Stadsdeel Amsterdam Noord
brief aan woonarkeigenaren 2014 week 26
Het hoogste rechtscollege in Nederland, de Raad van State, heeft 16 april j.l. een uitspraak gedaan die directe gevolgen heeft voor uw lopende aanvraag voor een vergunning voor een woonboot. In deze brief informeren wij u wat dit betekent voor uw aanvraag en welke stappen de gemeente zet om de rechtsgevolgen te beperken.
Consequenties uitspraak Raad van State
De Raad van State heeft uitgesproken dat woonboten die bedoeld zijn om ter plaatse als woning te functioneren als (drijvend) bouwwerk dienen te worden aangemerkt. Dit betekent dat voor uw (drijvende) woning – net als woningen op de wal – een omgevingsvergunning (voorheen bouwvergunning) nodig is. Voor de meeste bestaande woonboten geldt echter dat zij niet (kunnen) voldoen aan de landelijk geldende bouwregels, waardoor de gemeente (het bevoegd gezag) u geen “normale” omgevingsvergunning kan verstrekken.
Aanpassing landelijke regelgeving en gedoogbesluit
Het gemeentebestuur van Amsterdam beseft dat de uitspraak van de Raad van State en de noodzakelijke aanpassing van wet- en regelgeving voor u en andere woonbooteigenaren en -bewoners onzekerheid met zich meebrengt. Zij is van mening dat de huidige landelijke regelgeving te weinig rekening houdt met het specifieke karakter van woonboten of “drijvende bouwwerken”.
De wethouder Ruimtelijke Ordening en Water – Maarten van Poelgeest – heeft de betrokken ministers van Wonen en Binnenlandse Zaken daarom gevraagd haast te maken met de aanpassing van de wet- en regelgeving.
Om de onduidelijkheid voor u als woonbootbewoner verder te beperken, heeft het college van burgemeester en wethouders van Amsterdam besloten om, vooruitlopend op aanpassing van de rijksregelgeving, bestaande woonboten met een ligplaatsvergunning te gaan gedogen. Om dit gedogen mogelijk te maken zal het college van B&W in de tweede helft van juni een kader vaststellen. Wij vragen u om uw begrip voor de vertraging die dit met zich meebrengt.
Commentaar
Door deze uitspraak lijken woonboten in het vervolg te moeten voldoen aan het Bouwbesluit. Dit betekent in de praktijk dat bij iedere verbouwing in of aan een woonboot een zogenoemde omgevingsvergunning zou moeten worden aangevraagd. Daarmee vervalt de uitzonderingspositie die woonboten tot dusver hebben ten opzichte van huizen.
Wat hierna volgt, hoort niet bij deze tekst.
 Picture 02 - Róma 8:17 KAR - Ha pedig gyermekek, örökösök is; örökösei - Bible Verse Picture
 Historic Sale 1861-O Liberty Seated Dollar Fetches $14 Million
Binnen de gemeenten Amsterdam met ruim 2500 woonboten en Groningen met zo’n 500 woonboten komt deze uitspraak hard aan. Amsterdam drong al in een brief bij Stef Blok -de minister voor wonen- aan op een regeling om de bestaande status van woonboten te continueren. In de Tweede Kamer zijn ook vragen gesteld. Maar dat draait uit op een langjarige procedure. De regeling die B&W zelf vóór 1 juli in het vooruitzicht stelt is voor bootbewoners op de korte termijn meer bepalend.
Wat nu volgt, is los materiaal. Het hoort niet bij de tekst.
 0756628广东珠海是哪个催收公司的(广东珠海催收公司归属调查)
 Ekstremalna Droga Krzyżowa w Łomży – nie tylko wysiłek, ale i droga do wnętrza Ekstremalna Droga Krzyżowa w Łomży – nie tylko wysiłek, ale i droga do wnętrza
Toevallig hebben onder andere de Amsterdamse bootjesadvocaten Cor Goudriaan, Woelinga, Tonen en Tijs Vermaat in het aprilnummer van Praktijk Omgevingsrecht de argumenten aangedragen waarom woonboten buiten het Bouwbesluit vallen.
Met de uitspraak van de Raad van State is dus nog lang niet het laatste woord gezegd.
Aanleiding
Daartoe uitgelokt door een walbewoner in Amsterdam, vindt de Raad van State dat een tjalk die al vanaf 1954 op die plek ligt, eigenlijk als onroerend goed moet worden beoordeeld. In het Bouwbesluit is gesteld dat een woonboot geen bouwwerk is in de zin van de Woningwet. Deze uitzondering in een toelichting wordt door de Raad van State niet erkend als onderdeel van het besluit. De wijze van afmeren, het gebruik van de boot als woning en het niet zelfstandig kunnen varen, zou onderstrepen dat de woonboot toch onder de Woningwet valt.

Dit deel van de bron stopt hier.